▶ **ABOUT THIS TASK**: Without the pictures, set down exactly the lines from the one that contains "Black Food Coloring" to the end of the entries, both included, and nothing besides.

▼

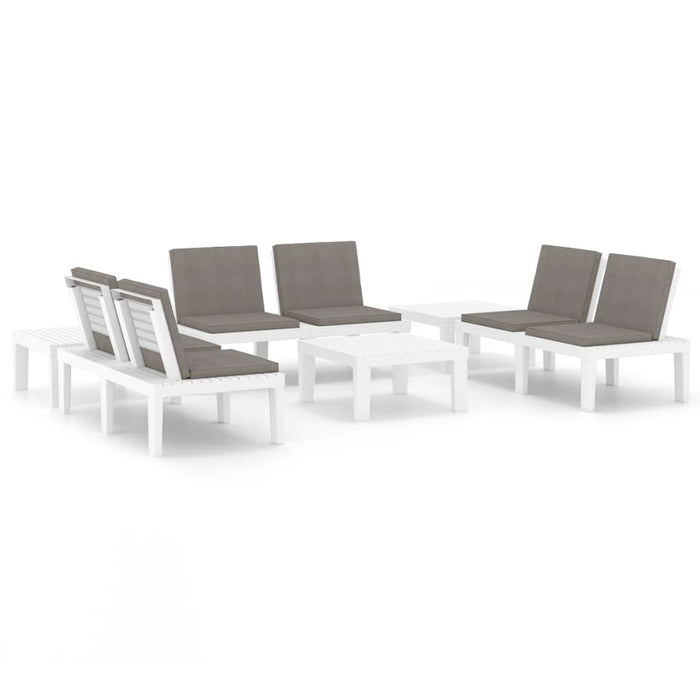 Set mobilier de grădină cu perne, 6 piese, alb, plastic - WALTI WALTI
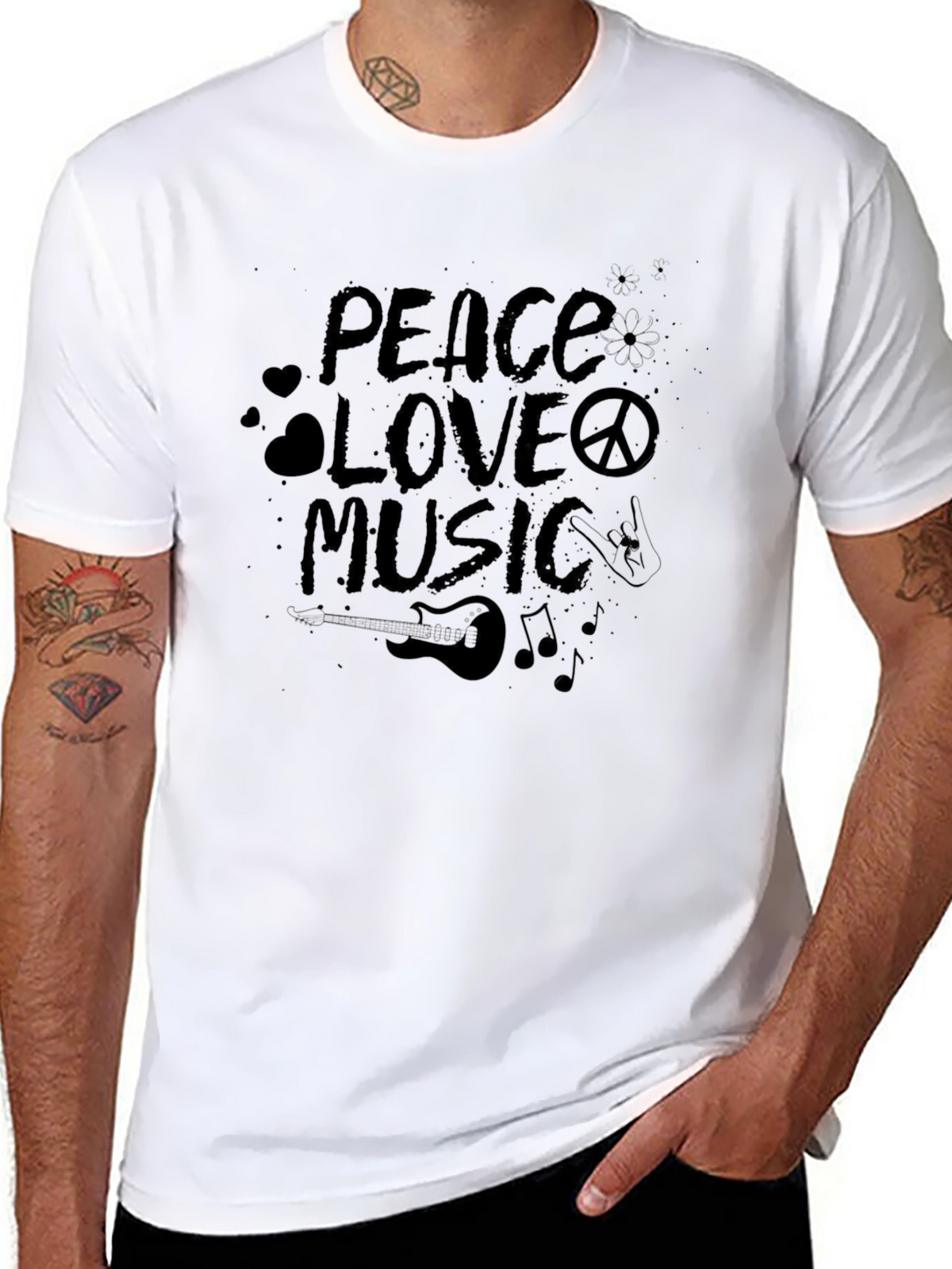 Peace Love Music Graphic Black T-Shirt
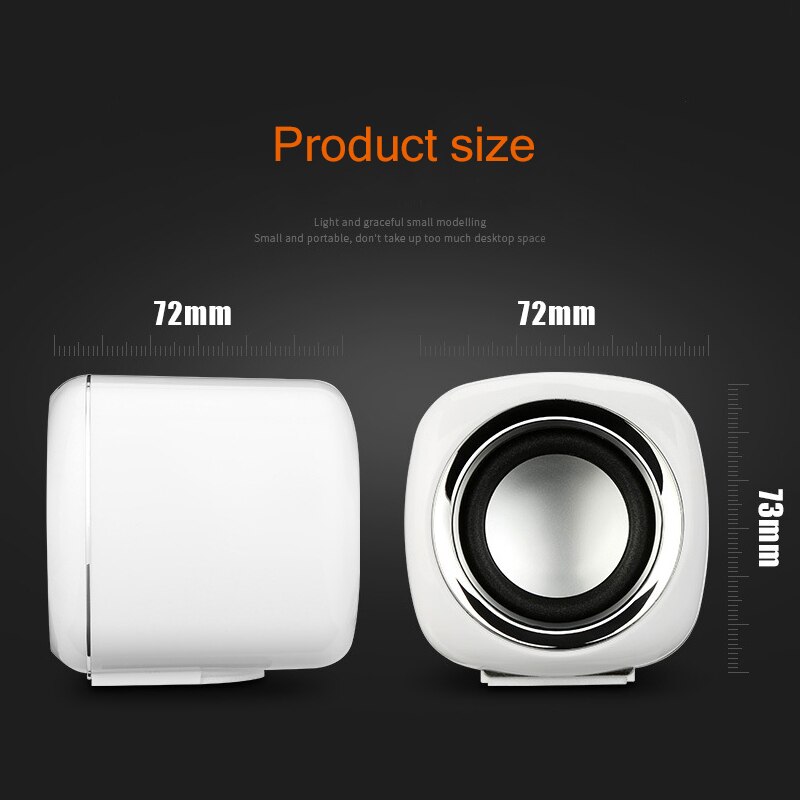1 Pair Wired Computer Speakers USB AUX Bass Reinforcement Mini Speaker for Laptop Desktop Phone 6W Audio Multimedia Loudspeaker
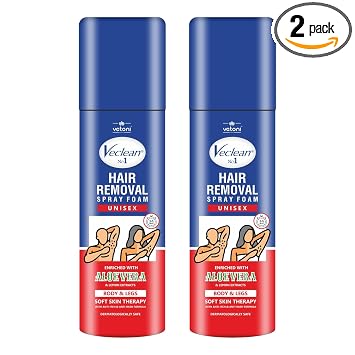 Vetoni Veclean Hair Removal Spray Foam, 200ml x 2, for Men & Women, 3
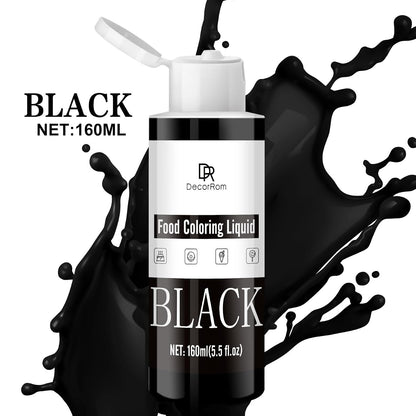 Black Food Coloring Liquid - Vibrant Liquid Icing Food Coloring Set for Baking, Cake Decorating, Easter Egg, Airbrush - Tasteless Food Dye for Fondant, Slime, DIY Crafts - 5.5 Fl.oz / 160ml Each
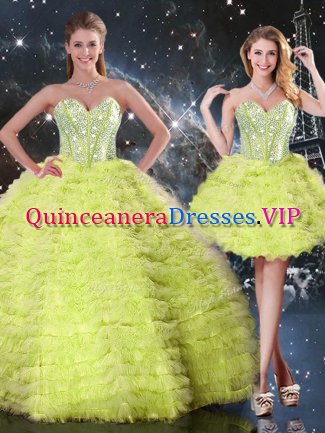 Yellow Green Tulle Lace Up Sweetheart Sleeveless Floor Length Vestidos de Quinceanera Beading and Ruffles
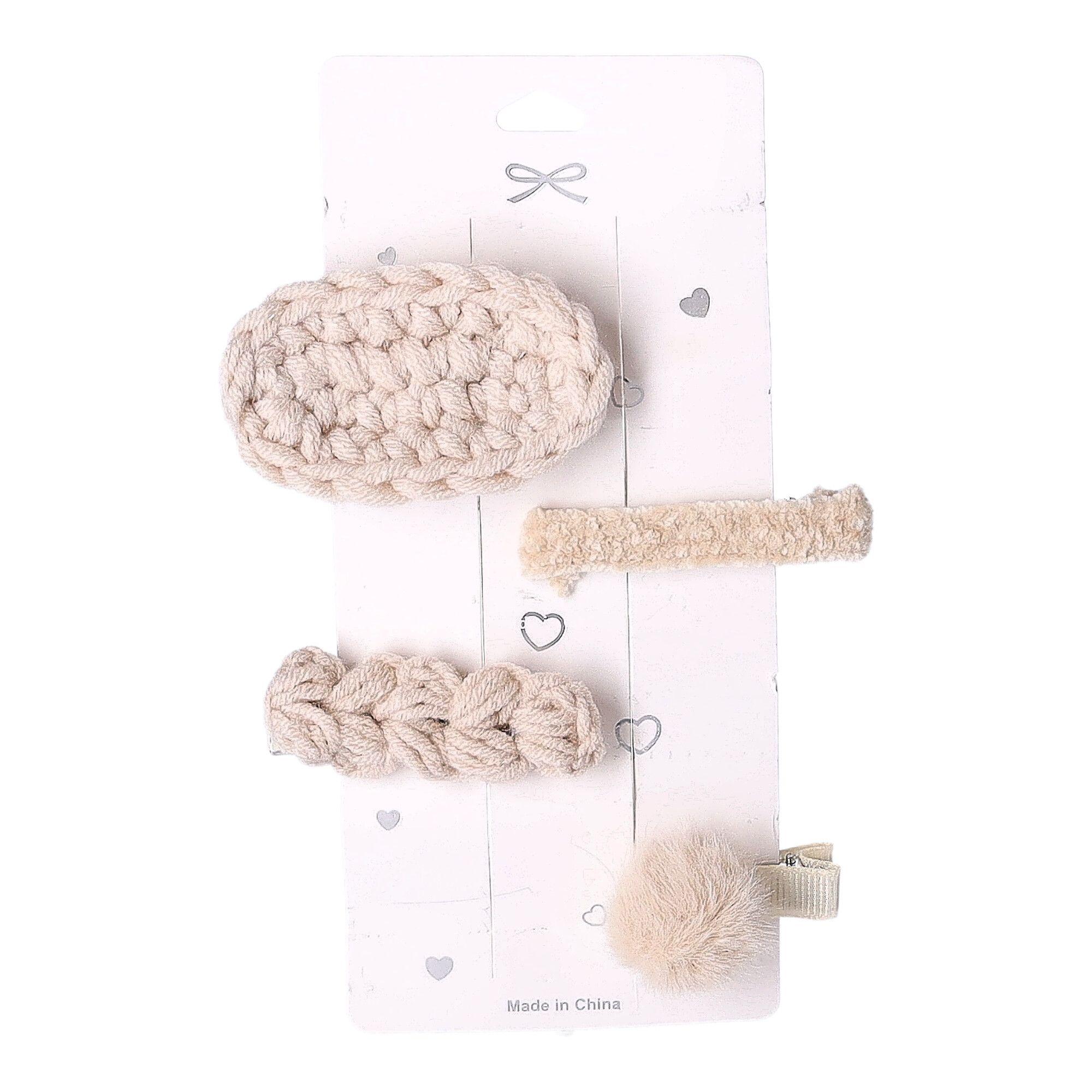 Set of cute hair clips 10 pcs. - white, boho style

▲

▶ **PROBLEM SOLUTION**:
 Black Food Coloring Liquid - Vibrant Liquid Icing Food Coloring Set for Baking, Cake Decorating, Easter Egg, Airbrush - Tasteless Food Dye for Fondant, Slime, DIY Crafts - 5.5 Fl.oz / 160ml Each
 Yellow Green Tulle Lace Up Sweetheart Sleeveless Floor Length Vestidos de Quinceanera Beading and Ruffles
 Set of cute hair clips 10 pcs. - white, boho style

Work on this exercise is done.